(Beginning of Recorded information)
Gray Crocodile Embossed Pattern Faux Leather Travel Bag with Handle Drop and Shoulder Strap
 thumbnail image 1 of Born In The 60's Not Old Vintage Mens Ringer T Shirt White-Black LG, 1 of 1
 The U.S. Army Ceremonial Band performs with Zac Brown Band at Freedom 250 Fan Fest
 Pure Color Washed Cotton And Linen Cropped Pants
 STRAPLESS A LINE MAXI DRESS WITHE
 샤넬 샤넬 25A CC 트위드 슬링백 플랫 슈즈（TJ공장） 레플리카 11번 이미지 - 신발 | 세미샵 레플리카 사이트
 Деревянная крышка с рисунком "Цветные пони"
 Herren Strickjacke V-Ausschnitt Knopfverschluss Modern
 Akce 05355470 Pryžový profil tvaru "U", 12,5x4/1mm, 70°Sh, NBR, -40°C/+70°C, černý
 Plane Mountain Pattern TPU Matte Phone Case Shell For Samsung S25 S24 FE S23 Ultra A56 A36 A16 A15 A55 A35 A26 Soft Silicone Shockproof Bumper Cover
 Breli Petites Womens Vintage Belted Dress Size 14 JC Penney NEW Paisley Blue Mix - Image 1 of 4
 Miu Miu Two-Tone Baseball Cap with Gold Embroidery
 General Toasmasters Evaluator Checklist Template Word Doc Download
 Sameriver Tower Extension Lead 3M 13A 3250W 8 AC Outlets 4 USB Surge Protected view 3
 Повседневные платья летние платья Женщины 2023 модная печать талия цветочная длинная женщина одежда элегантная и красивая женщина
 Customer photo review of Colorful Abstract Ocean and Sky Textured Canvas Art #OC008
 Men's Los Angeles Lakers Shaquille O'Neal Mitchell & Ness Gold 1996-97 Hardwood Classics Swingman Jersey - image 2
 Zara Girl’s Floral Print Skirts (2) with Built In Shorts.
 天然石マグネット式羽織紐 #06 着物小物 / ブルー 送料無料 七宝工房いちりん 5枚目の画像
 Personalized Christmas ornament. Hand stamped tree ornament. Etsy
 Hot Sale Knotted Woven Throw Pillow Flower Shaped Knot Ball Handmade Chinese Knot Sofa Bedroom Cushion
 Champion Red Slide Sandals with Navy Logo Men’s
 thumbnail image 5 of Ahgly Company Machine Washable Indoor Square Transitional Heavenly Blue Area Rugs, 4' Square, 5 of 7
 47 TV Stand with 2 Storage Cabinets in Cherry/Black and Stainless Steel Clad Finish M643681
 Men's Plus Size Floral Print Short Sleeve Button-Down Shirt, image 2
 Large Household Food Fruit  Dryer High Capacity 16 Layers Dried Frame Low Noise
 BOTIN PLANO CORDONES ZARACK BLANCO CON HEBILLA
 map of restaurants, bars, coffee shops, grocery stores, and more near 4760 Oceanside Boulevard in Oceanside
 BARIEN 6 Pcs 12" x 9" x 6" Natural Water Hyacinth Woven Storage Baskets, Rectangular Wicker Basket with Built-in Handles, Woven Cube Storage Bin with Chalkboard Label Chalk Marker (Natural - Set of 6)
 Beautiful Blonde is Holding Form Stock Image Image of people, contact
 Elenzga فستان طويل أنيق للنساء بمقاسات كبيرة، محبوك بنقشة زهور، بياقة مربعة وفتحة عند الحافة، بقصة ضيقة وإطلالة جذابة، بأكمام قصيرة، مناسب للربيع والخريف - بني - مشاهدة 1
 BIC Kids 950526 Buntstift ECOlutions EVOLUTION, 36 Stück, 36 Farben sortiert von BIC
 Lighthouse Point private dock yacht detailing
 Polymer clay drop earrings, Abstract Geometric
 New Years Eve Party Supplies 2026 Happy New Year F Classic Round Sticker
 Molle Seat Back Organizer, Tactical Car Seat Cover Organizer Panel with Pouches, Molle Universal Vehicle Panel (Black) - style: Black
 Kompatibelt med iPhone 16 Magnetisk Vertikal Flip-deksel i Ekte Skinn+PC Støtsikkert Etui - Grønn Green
(End of Recorded information)
| What is being asked |
What are the lines, exactly as written above, from the line with "Zara Girl’s Floral" to the line with "Hot Sale Knotted", both included? Output only those.

| Solved exercise |
 Zara Girl’s Floral Print Skirts (2) with Built In Shorts.
 天然石マグネット式羽織紐 #06 着物小物 / ブルー 送料無料 七宝工房いちりん 5枚目の画像
 Personalized Christmas ornament. Hand stamped tree ornament. Etsy
 Hot Sale Knotted Woven Throw Pillow Flower Shaped Knot Ball Handmade Chinese Knot Sofa Bedroom Cushion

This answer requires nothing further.